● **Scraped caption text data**
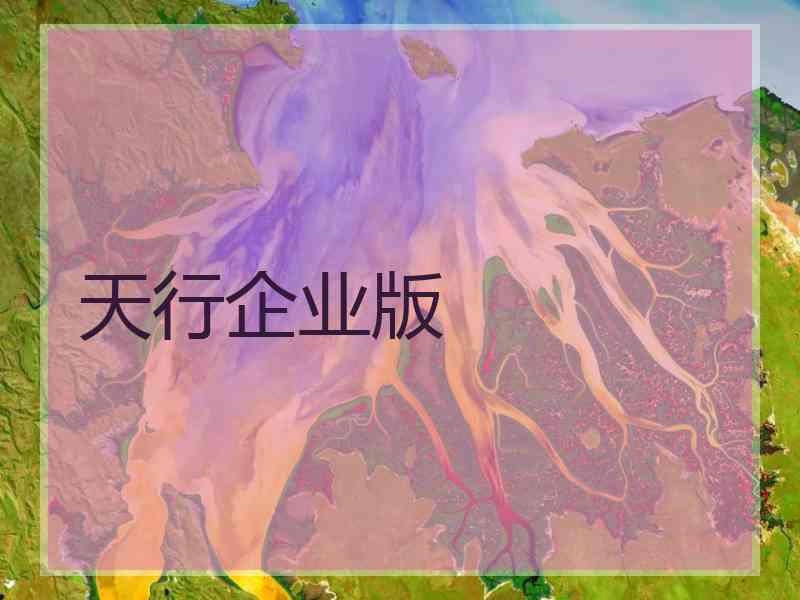 天行企业版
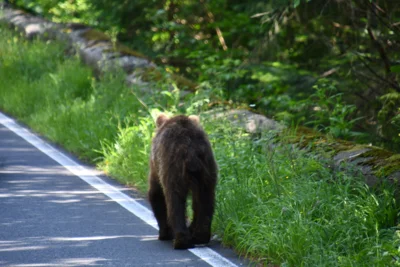 Foto des Albums: Karpaten Tour 2026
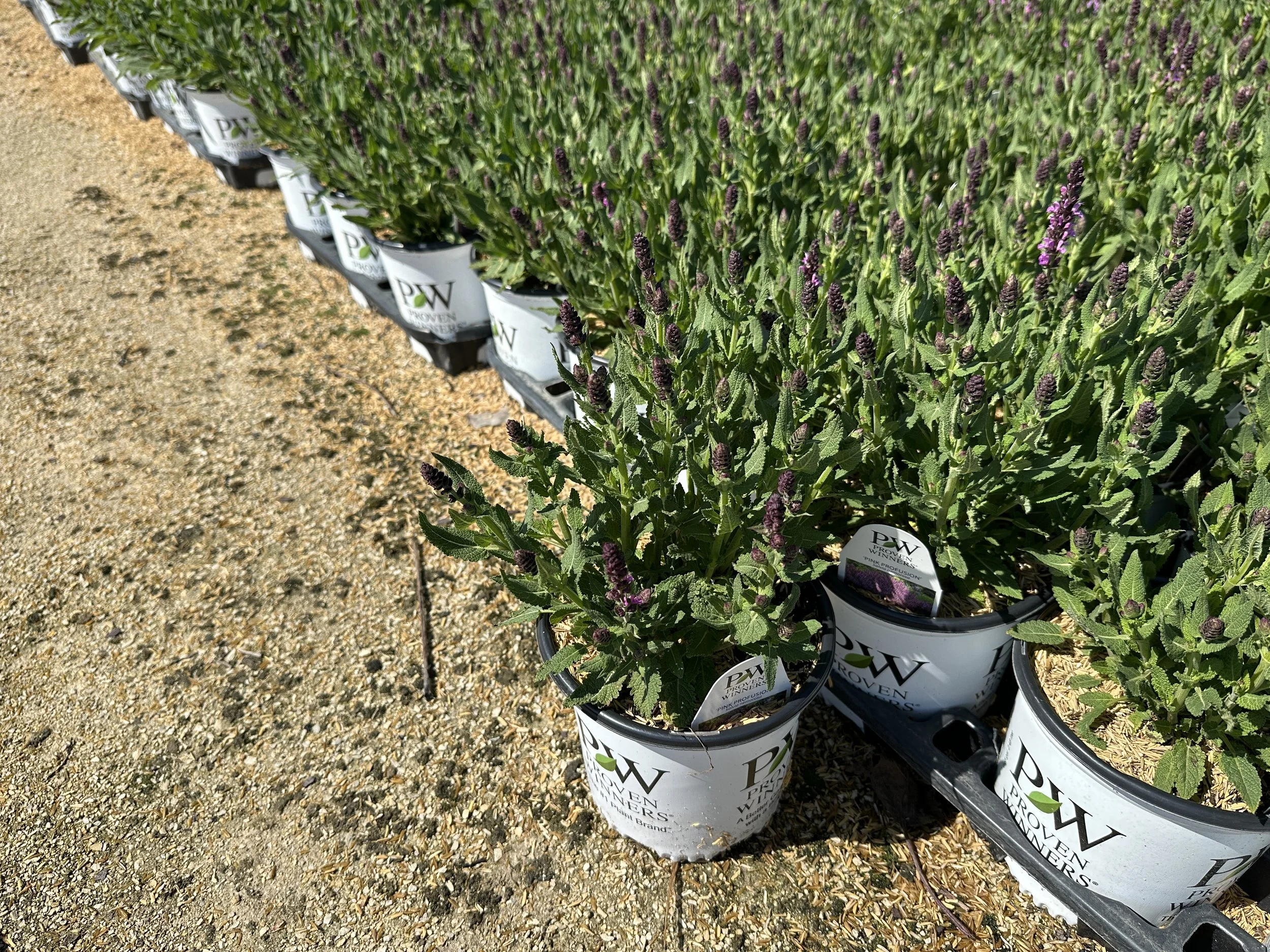 Salvia nemorosa 'Pink Profusion' PP31435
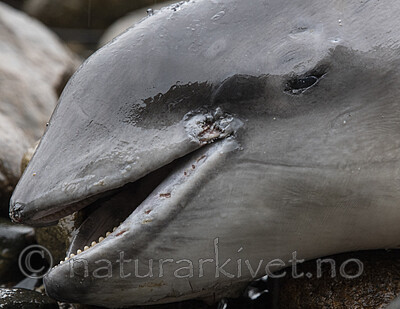 BB_20210930_0061 / Phocoena phocoena / Nise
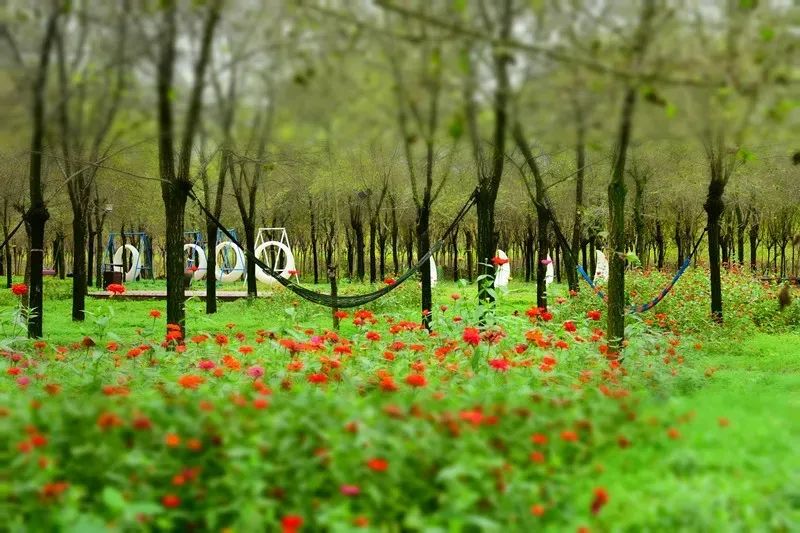 【鄉村振興案例】馬家底村：用“活”閑置資源 讓集體經濟更“壯”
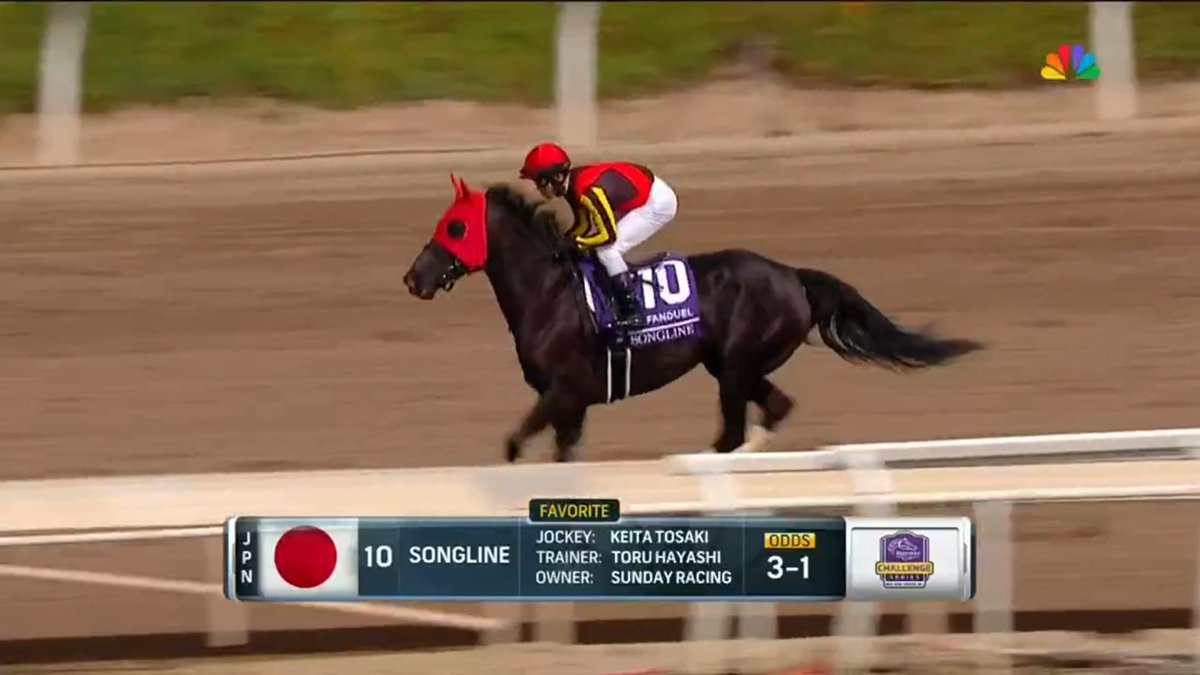 ちびたろう(Chibitaro) (@chi_bi_ta_ro) / X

● **TASK INSTRUCTIONS**
Make an exact copy of the lines above, starting at the line that contains "Salvia nemorosa 'Pink Profusion' PP31435" and running through the final line of the entries. Omit the pictures.

● **SOLUTION BELOW**
 Salvia nemorosa 'Pink Profusion' PP31435
 BB_20210930_0061 / Phocoena phocoena / Nise
 【鄉村振興案例】馬家底村：用“活”閑置資源 讓集體經濟更“壯”
 ちびたろう(Chibitaro) (@chi_bi_ta_ro) / X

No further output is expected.